D’après les données officielles, au 9 septembre 2024, le pays abritait 19 563 prisonniers pour une capacité d’accueil initialement prévue pour 7 000 personnes, engendrant un taux de surpopulation effarant de 298,85%. Ce simple constat chiffre une réalité intenable : les lieux de détention se transforment en espaces de souffrance et de promiscuité où la dignité humaine est sacrifiée sur l’autel de l’inefficacité institutionnelle. Dans l’enfer carcéral de la maison d’arrêt de Cotonou, certains détenus en viennent à dormir à tour de rôle, comme l’a révélé avec amertume Euloge Alle, régisseur des lieux. Ces conditions d’incarcération sont une violation flagrante des droits humains et devraient mobiliser la conscience nationale.
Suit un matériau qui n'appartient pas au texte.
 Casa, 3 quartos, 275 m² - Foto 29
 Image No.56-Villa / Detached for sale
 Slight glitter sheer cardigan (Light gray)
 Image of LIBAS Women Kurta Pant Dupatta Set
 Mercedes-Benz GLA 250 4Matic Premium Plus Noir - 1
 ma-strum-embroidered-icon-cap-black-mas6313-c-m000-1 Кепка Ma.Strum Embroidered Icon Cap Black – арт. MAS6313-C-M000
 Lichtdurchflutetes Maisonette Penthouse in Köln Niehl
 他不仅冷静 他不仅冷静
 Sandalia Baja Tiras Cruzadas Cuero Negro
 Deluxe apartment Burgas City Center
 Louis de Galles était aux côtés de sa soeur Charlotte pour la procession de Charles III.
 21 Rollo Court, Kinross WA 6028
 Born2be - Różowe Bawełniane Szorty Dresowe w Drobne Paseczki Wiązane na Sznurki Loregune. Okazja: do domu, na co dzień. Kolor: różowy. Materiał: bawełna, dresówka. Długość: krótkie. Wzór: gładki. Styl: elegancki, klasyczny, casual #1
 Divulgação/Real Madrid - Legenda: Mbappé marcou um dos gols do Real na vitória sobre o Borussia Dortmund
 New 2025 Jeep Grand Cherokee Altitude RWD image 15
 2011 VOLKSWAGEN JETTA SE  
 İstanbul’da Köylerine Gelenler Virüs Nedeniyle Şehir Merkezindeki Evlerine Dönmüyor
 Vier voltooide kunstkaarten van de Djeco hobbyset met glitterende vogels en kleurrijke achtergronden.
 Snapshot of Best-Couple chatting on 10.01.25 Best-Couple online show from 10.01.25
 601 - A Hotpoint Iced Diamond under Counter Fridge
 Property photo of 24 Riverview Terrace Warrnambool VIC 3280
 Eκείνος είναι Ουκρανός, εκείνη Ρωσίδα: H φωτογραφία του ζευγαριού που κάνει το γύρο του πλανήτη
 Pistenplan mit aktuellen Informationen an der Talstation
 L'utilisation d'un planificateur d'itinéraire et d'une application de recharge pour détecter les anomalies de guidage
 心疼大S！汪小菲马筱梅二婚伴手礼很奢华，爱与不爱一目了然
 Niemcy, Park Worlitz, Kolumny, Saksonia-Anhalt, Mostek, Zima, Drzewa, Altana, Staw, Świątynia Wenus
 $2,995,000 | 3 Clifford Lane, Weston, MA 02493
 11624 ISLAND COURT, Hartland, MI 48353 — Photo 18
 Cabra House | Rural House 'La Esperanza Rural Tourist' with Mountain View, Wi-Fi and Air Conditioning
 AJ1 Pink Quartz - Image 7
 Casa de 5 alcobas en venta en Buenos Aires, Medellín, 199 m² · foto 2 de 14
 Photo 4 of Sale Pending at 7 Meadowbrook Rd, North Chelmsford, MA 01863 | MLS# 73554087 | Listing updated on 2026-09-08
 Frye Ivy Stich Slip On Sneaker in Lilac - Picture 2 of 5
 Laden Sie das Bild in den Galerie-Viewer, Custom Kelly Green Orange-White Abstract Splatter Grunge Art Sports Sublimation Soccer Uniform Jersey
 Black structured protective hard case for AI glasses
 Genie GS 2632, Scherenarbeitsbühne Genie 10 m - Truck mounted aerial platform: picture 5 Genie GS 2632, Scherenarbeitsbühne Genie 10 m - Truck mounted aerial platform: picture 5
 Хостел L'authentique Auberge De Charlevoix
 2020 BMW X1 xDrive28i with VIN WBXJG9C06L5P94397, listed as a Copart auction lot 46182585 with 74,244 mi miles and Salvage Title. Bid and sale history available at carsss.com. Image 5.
Face à ce tableau d’une insupportable cruauté, il devient urgent et impératif de poser des actes audacieux pour alléger ce fardeau. L’engorgement de nos prisons découle en partie de la lenteur des procédures judiciaires. Pour y remédier, il est primordial d’organiser la multiplication des procès, garantissant ainsi à chaque détenu un jugement rapide et équitable, et réduisant le nombre alarmant de personnes en détention préventive prolongée. Par ailleurs, la libération des prisonniers politiques et des individus emprisonnés de manière abusive doit être envisagée sans délai. Il est inacceptable qu’un État de droit tolère la détention d’individus pour des motifs contraires à la justice et à la démocratie.

Cependant, au-delà de ces mesures urgentes, seule une réforme en profondeur pourra apporter un changement durable. Il est essentiel de renforcer l’Agence Pénitentiaire du Bénin en y intégrant des personnels qualifiés, comme l’a justement souligné le régisseur Euloge Alle, et de veiller à ce que ces lieux de privation de liberté soient humanisés, réformés pour ne plus être synonymes de misère et d’abandon. En outre, la mise en place de cadres de concertation réunissant l’ensemble des acteurs du système carcéral et les défenseurs des droits humains, tel que préconisé par la Commission Béninoise des Droits de l’Homme, permettra de restaurer un équilibre éthique et législatif. Il est grand temps que le Bénin rompe avec cette indifférence institutionnalisée et prenne la mesure de ses responsabilités face à cette crise carcérale qui bafoue la dignité de ses citoyens. Cela doit être un des prochains chantiers du Chef de l’État. Et je pense que le Président Talon n’est pas informé de cette affaire.